Ritornando alla musica, i brani riguardano il mondo di Ariete dai tredici anni in poi, quindi c’è un’eco all’adolescenza e non all’infanzia. E questo ci riporta a Solo te di cui ti cito: “essere giovani fa schifo/ e non poter decidere fa tanto male/ essere giovani non fa per me”. Che cosa significa questo e cosa, secondo te, essere giovani oggi?
Quella frase l’ho scritta perché effettivamente quando hai diciott’anni devi finire il liceo e vivi ancora sotto il tetto dei tuoi genitori, non puoi mai prendere decisioni a 360 gradi. A questo si riferisce “non poter decidere fa tanto male”. Per quanto io possa essere maggiorenne e indipendente con le mie cose, una parte di me deve sottostare a delle regole, come tutti i miei coetanei. Ovviamente non penso in generale che “essere giovani fa schifo”. Penso che essere giovani sia bello e significhi anche avere una marea di opportunità. Come dicono tutti, è un periodo della vita che non torna più. Poi, però ci sono tanti fattori, le relazioni non accettate dai genitori, i litigi frequenti, che mi hanno portato a scrivere Solo te.
Un’altra canzone di Spazio di cui vorrei parlare è Riposa in pace, che vede la collaborazione con Drast, degli Psicologi. Com’è stato realizzare questo brano con lui? E c’è qualcuno in particolare con cui ti piacerebbe lavorare in futuro?

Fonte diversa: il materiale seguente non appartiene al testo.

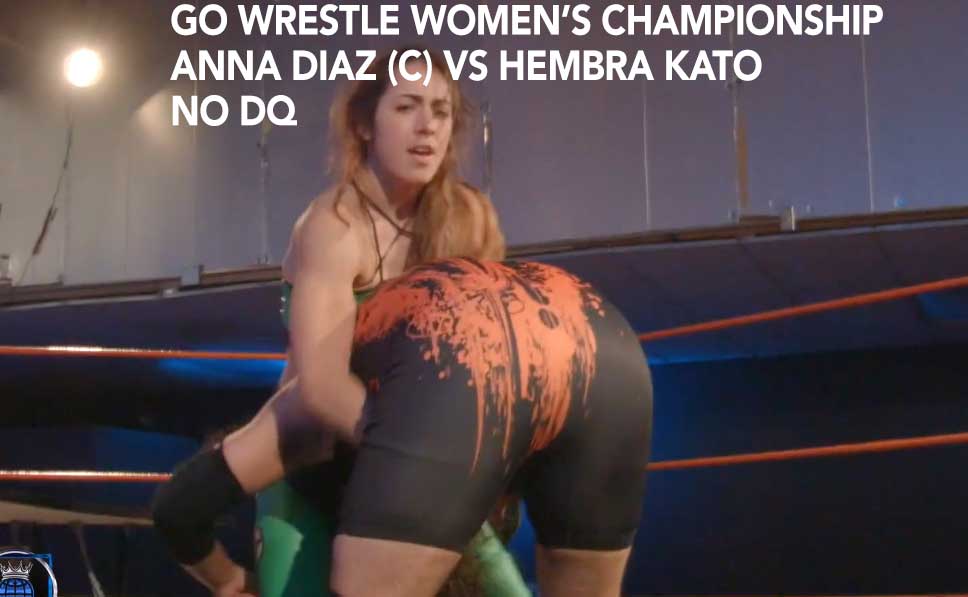 Go 113: No DQ for Women’s Championship Anna Diaz vs Hembra Kato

Con Marco (De Cesaris, in arte Drast, ndr.) ho un rapporto di amicizia, da un po’ di tempo. Il lavoro su Riposa in pace è nato in modo tranquillo, genuino. Inizialmente è stato proprio Marco a scoprirmi su Spotify, casualmente, ed è stato lui a farmi firmare con i ragazzi di Bomba Dischi. Da quando mi ha scoperta, siamo entrati in contatto e il giorno dopo ci siamo visti in studio anche con Alessio (Aresu, in arte Lil Kaneki, ndr.). Abbiamo continuato a sentirci e lui mi ha proposto di scendere a Napoli per provare a fare qualche pezzo insieme. Ovviamente tutto prima del lockdown. Quindi, io l’ho raggiunto a Napoli ed è nato questo pezzo. L’abbiamo scritto insieme. In un primo momento non doveva uscire con lui. In realtà, all’epoca io avevo scritto solo la prima strofa e il ritornello. A lui era piaciuta, ma non pensavo finisse così. Mi ha ricontattato, con un file audio in cui mi faceva sentire la sua parte già registrata. È stato davvero super naturale come approccio.

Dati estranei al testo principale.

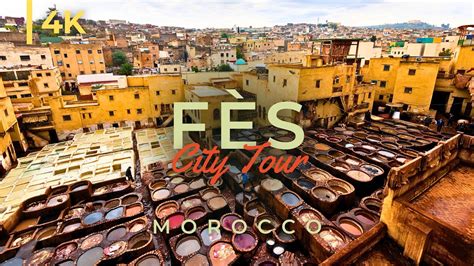 Tour Of Fes Morocco In 4k Largest Medina In The World Youtube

In futuro poi mi piacerebbe molto collaborare con Franchino (Franco126 ndr) e anche con Madame sarebbe interessante.
Ci salutiamo con un’ultima domanda, continuando a parlare di futuro. Come ti vedi tra dieci anni?
Tra dieci anni è un po’ complesso perché è tanto tempo. Però, spero di poter vivere di questo, di quello che faccio, di musica. Spero di aver raggiunto i miei obiettivi, di essermi realizzata dal punto di vista sia musicale, che vitale. Sono due cose che si completano e si sente anche nella musica che fai.